Ford lighting tech spotlights pedestrians, animals, turns

The advanced lighting system uses cameras to read traffic signs, infrared sensors to identify living obstacles, and GPS to keep the navigation route illuminated.

Ford has previewed several lighting innovations that could eventually be used for production vehicles.

Referred to as camera-based front lighting, the technology builds upon Ford's adaptive front lighting system and traffic sign recognition technology. The latest system takes advantage of infrared cameras and GPS integration to further improve safety while driving at night.

Infrared cameras in the front grille are capable of simultaneously identifying and tracking up to eight pedestrians, cyclists or large animals. The system engages two 'spotlights' on the highest-priority targets, illuminating the hazard and placing a directional stripe on the road surface. The targets are also presented on the infotainment display, marked in a red or yellow frame.

Aside from surprise obstacles in the road, the system also attempts to better illuminate the road ahead. GPS provides a way to predict topography, enabling the lighting to move with bends and dips.

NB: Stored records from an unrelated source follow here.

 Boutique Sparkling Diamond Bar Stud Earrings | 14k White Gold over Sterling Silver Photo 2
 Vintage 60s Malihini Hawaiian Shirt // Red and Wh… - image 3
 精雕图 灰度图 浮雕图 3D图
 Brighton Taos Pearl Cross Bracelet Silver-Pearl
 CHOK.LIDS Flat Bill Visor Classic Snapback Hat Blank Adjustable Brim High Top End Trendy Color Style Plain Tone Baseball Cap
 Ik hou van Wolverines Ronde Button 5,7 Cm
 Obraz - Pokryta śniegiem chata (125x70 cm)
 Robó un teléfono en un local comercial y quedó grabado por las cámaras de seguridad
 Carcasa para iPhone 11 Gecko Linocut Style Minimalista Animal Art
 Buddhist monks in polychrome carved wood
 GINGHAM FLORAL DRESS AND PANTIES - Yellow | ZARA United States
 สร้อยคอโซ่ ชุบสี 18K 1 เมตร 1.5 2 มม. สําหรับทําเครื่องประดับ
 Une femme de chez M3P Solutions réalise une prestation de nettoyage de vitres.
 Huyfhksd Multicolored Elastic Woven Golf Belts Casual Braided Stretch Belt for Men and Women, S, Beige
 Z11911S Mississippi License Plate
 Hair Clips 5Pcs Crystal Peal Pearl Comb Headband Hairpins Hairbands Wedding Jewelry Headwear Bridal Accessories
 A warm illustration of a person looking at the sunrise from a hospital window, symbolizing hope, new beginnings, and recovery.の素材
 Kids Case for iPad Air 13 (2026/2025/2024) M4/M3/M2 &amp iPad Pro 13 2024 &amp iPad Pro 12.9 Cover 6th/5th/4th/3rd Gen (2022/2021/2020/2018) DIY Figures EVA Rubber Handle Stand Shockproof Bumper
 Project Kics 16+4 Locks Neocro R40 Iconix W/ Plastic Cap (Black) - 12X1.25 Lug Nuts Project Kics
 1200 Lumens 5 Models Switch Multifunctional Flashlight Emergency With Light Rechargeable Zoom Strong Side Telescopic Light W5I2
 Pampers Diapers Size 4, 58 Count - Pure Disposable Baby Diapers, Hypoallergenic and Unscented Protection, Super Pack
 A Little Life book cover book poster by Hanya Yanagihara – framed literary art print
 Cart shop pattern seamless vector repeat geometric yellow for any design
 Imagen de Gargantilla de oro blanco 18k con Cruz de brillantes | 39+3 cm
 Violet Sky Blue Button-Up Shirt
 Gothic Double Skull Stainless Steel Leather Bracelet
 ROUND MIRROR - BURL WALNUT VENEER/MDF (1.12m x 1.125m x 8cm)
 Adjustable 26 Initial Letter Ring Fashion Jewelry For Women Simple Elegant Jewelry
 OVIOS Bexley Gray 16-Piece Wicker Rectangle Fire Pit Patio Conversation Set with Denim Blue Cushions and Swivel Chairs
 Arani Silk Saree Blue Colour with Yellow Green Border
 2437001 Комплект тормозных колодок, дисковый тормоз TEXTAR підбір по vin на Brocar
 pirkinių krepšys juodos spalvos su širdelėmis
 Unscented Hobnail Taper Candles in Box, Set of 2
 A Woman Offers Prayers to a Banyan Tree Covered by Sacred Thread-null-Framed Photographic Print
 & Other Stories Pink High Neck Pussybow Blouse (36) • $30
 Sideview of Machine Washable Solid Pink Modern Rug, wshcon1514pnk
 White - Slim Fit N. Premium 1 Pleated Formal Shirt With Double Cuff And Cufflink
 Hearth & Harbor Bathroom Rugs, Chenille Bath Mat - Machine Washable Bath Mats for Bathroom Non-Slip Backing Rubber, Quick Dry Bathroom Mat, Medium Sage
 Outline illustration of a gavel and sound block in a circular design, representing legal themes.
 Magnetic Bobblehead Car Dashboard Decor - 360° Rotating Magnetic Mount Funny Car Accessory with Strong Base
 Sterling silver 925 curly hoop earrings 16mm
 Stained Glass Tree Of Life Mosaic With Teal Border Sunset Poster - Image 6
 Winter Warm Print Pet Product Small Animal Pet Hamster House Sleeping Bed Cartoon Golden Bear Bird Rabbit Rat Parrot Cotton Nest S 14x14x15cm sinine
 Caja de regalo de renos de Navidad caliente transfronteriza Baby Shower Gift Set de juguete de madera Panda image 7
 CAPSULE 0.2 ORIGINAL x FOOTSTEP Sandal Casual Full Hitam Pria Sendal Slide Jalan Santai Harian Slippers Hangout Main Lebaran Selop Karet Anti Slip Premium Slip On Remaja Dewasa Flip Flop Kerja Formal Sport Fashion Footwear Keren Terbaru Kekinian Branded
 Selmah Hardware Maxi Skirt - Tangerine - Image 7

Cameras track traffic signs or serve as an alternative to GPS-based monitoring of road features.

"Camera-Based Advanced Front Lighting can help make it easier for the driver to travel at night in unfamiliar surroundings, and to more easily see unexpected hazards," said Ford Europe lighting research engineer Michael Koherr. "At roundabouts, for example, our system helps the driver to clearly see the exits - and check if cyclists and pedestrians are crossing the road."

Several automakers are currently working on similar technology, including BMW's Iconic Lights concept. Ford suggests the camera-based features will be available for customers "in the near term," though no specific launch details have been announced.